And then when the world turns green in spring, so will the menu. Slowly the kitchen will reorganize itself to reflect the incredible diversity from the plant kingdom, resulting in smaller servings, but more of them, a steady stream of the cooked and raw vegetation coming from all sides. In May, June, July, August, and into September, we will become a vegetarian restaurant. Our community of farmers and foragers will be central to this green season, but the new restaurant will be nestled in our own urban farm, and we will grow a significant amount of our own produce. The space will also house larger research kitchens; not many people know that the big fermentation facility that we built two years ago behind Noma was set up largely to develop a meal based completely on vegetables. How do you make a plateful of steamed spinach as satisfying as a steak? Through the work done in that half-kitchen, half-mad-laboratory, we have enough potions, liquids, and new flavors that can lift even the simplest carrot to become the star of our menu.

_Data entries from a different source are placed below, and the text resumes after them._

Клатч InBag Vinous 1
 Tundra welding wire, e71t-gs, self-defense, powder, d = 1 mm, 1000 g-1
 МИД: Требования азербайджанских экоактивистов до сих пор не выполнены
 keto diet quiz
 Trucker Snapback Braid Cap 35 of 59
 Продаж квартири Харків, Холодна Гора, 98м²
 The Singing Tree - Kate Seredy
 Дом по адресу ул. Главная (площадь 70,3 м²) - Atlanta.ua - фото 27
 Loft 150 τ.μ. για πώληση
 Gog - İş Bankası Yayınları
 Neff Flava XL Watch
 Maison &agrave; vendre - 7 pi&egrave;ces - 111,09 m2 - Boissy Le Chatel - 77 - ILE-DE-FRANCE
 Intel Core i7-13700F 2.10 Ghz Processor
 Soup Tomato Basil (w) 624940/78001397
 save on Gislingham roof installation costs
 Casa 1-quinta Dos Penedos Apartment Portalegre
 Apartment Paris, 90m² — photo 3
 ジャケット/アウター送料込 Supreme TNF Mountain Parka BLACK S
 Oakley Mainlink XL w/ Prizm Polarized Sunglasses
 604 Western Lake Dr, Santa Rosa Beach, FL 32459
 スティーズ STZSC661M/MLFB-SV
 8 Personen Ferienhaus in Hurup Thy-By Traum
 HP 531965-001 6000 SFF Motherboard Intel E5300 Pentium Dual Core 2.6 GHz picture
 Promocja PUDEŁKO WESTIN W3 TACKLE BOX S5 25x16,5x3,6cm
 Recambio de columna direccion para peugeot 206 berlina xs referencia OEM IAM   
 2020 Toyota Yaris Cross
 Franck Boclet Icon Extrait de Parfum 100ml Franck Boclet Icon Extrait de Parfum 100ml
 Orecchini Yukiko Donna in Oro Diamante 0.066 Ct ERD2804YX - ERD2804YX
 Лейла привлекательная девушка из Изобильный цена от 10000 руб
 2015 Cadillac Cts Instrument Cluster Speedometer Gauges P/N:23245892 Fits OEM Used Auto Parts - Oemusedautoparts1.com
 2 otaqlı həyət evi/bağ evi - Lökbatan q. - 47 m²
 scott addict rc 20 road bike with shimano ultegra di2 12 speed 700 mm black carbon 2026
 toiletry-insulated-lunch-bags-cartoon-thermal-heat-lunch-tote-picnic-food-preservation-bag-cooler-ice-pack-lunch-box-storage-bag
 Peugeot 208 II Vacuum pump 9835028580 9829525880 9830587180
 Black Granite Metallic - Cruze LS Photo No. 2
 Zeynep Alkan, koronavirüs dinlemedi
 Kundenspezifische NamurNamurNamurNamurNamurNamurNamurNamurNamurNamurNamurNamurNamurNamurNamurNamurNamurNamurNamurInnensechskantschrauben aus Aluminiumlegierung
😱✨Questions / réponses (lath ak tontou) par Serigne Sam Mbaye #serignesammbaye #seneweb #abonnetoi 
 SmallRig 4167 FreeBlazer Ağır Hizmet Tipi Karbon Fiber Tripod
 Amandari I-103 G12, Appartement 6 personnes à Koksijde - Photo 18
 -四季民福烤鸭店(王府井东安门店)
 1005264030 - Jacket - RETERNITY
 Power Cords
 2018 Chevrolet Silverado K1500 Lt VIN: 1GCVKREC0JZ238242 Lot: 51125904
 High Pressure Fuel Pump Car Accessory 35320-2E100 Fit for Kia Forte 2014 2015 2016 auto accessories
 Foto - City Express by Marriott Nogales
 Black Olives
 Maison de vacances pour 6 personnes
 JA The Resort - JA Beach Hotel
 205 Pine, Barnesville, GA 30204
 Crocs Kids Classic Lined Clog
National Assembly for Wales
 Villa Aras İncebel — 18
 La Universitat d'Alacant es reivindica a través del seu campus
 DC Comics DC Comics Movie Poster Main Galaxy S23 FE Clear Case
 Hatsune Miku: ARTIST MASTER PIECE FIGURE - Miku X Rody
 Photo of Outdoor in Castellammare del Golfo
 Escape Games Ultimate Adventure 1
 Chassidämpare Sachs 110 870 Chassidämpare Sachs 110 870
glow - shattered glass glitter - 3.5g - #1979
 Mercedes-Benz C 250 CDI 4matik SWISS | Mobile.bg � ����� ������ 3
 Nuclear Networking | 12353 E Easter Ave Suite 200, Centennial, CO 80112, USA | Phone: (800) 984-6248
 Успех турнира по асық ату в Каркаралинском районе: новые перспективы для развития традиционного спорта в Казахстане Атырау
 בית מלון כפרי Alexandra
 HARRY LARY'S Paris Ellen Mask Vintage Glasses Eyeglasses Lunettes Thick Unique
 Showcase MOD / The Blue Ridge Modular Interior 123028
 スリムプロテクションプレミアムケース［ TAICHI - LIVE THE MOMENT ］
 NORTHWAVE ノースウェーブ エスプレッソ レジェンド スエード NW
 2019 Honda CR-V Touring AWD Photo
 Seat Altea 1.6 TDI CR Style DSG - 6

The next change is when the leaves start falling from the trees and our focus shifts toward the forest: the cornucopia of mushrooms, nuts, and berries, coupled with the best of the game. During the end of September, October, November, and December the menu again condenses, maybe organized around whichever game animal might be the centerpiece of the meal. A teal for two, a goose for six, perhaps a leg of moose for eight, and anything in between. Every slice carefully cooked and considered, the innards, each cut of meat, the skin.

And that’s the flow of the year. A true reflection of the landscape at that moment, the unique flavor of that point in time. Three distinct seasons, with a myriad of microseasons within each of them.

It took us a while to figure this all out. Like I said, we’ve been planning for the change for years. That’s why it’s great for me to announce that at the end of December 2016, we will run our last service at Noma.

Because we are moving to an incredible new space as we continue to build our community and figure out what it means to be a cook in this region. To keep exploring food and flavor, in a new place where we can dream. A place where we can build a farm right in the city. Where we can grow our own food, a place where we can keep pushing.

We have spent the last twelve years trying to figure out what it means to be a chef in the Nordic region, and now we are ready to start that restaurant we have been practicing for.